On peut trouver tout un tas d’autres exemples d’aménagements et de mobiliers urbains qui compartimentent et rendent hostile l’espace social, parce qu’ils en empêchent les usages alternatifs préconisés par certains groupes sociaux : revêtements anti-stickers appliqués aux poteaux et poubelles publiques, obstacles anti-skaters

Ce qui est vraiment important, ce n’est pas tant la diversité de ces aménagements que ce qu’ils ont en commun : ils transforment la rue, la ville, qui sont l’essence même de l’espace public, afin de la rendre inadéquats pour les populations jugées elles-mêmes inadéquates. Mais en procédant ainsi, en choisissant qui peut utiliser l’espace public et comment il peut le faire, c’est la publicité qu’on détruit, et avec elle des notions plus importantes encore comme la liberté, le vivre-ensemble et la tolérance.

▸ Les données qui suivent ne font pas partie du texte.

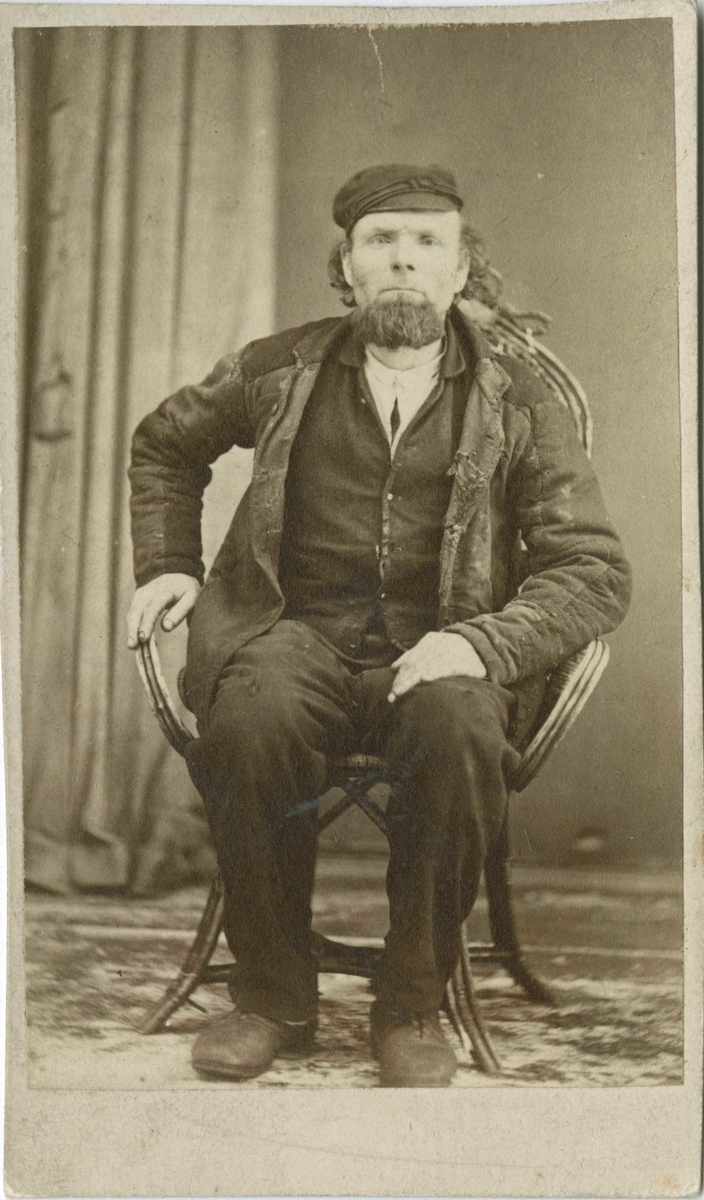 Fangeportrett. Johan Johannesen, Skotselv, arrestert i 1872, innsatt i distriktsfengslet i Hokksund for konkubinat (samboerskap).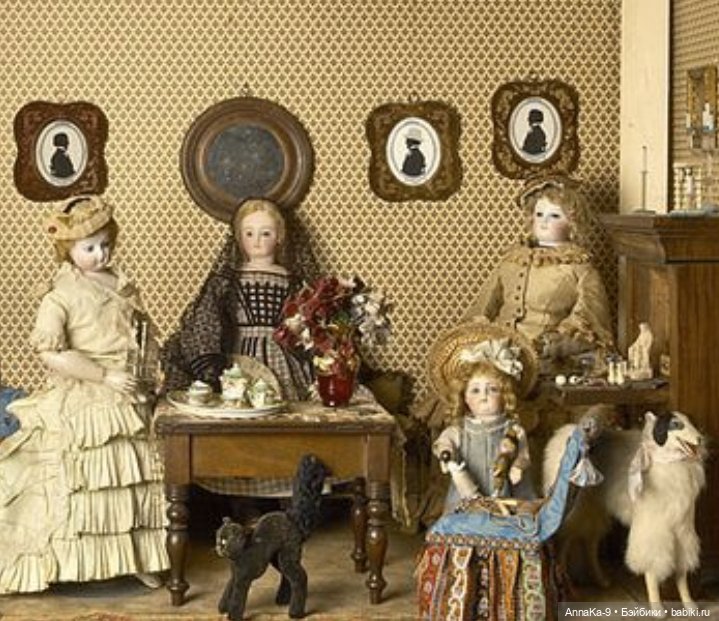 Животные в антикварных и винтажных кукольных домиках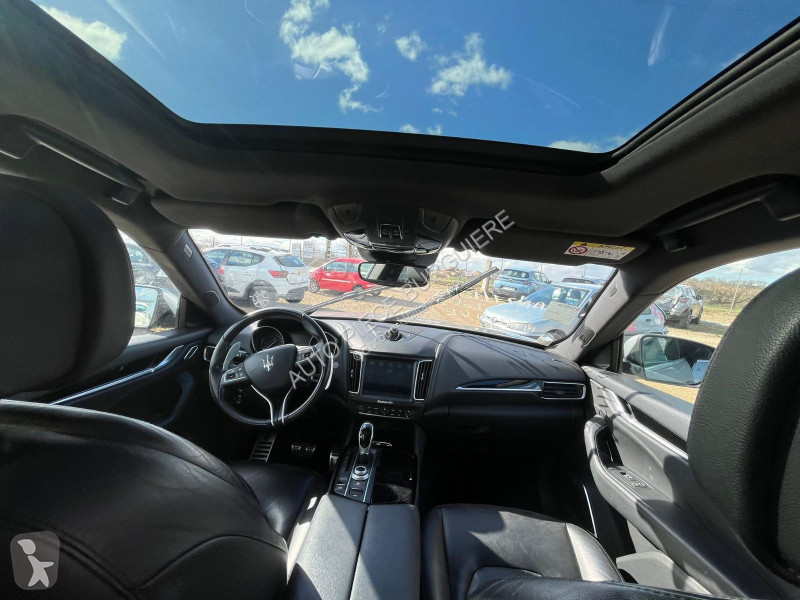 Samochód dostawczy Maserati 3.0D V6 275 / EH922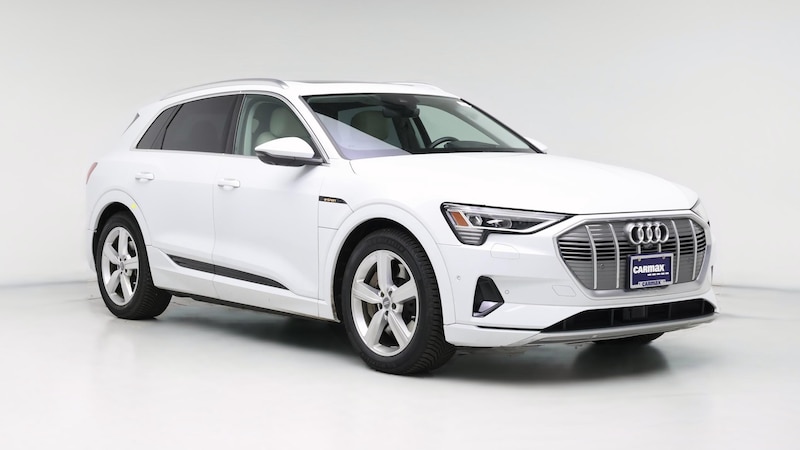 2019 Audi e-tron Prestige Hero Image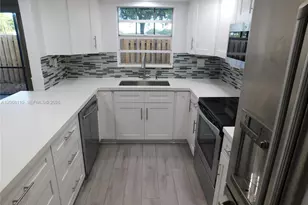 12164 SW 52nd Pl, Cooper City, FL 33330 - Photo 10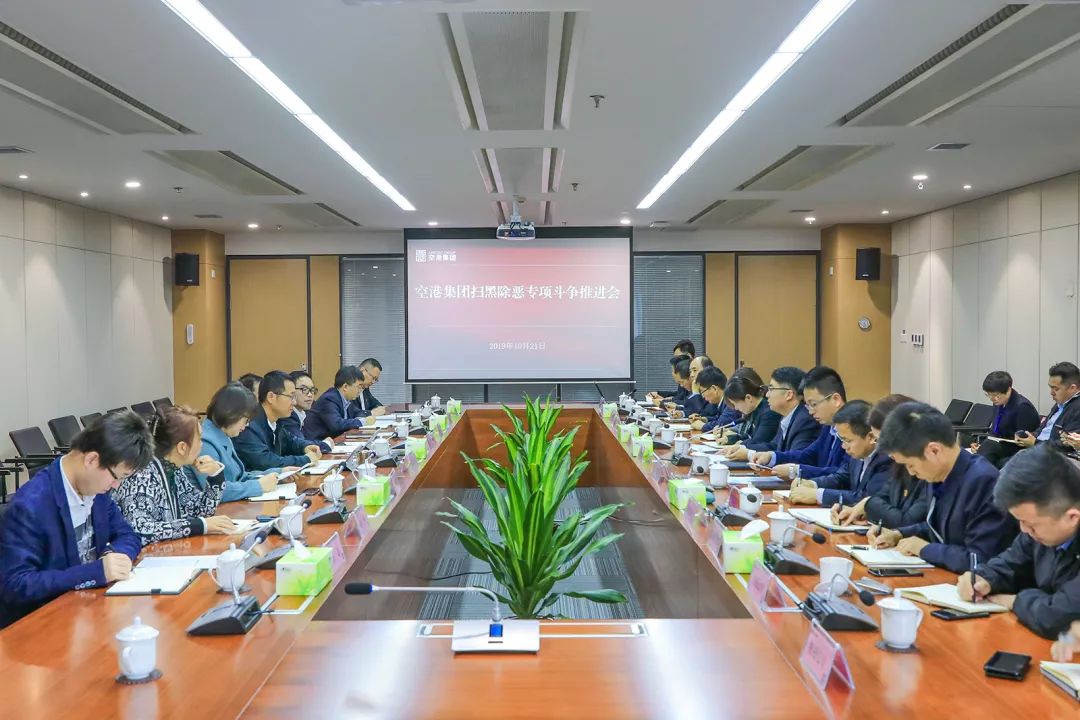 中国少妇A片BBBBBB洗澡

Certes, les partisans de telles installations souligneront que ce sont les populations qu’ils tentent de repousser qui abusent de leur liberté, qui ne respectent pas le vivre-ensemble. Mais sans chercher à faire l’apologie de comportements anti-sociaux, il semble nécessaire de rappeler que ces détournements de l’espace public, quand ils ne sont pas contraints, expriment simplement des choix, des modes de vie et des préférences.

Si l’on considère la question ainsi, on comprend que les décisions prises par la majorité, dès lors qu’elle segmentent l’espace social et repoussent la figure de l’Autre, sont au moins aussi anti-sociales que les comportements contre lesquelles elles prétendent lutter.

Le vivre-ensemble ne signifie pas qu’il faut tourner le dos aux populations avec lesquelles on ne veut pas vivre. Il exige d’accepter de vivre avec elles, et de les aider à vivre avec le reste de la société. La prévention des incivilités par le biais de l’aménagement urbain doit donc se faire en tenant compte des dangers de la ségrégation pour des populations déjà en marge.

Le prix à payer sera peut-être de devoir assister au spectacle grotesque des flirts adolescents, mais l’enjeu ici est la revitalisation d’un espace public qui le serait vraiment.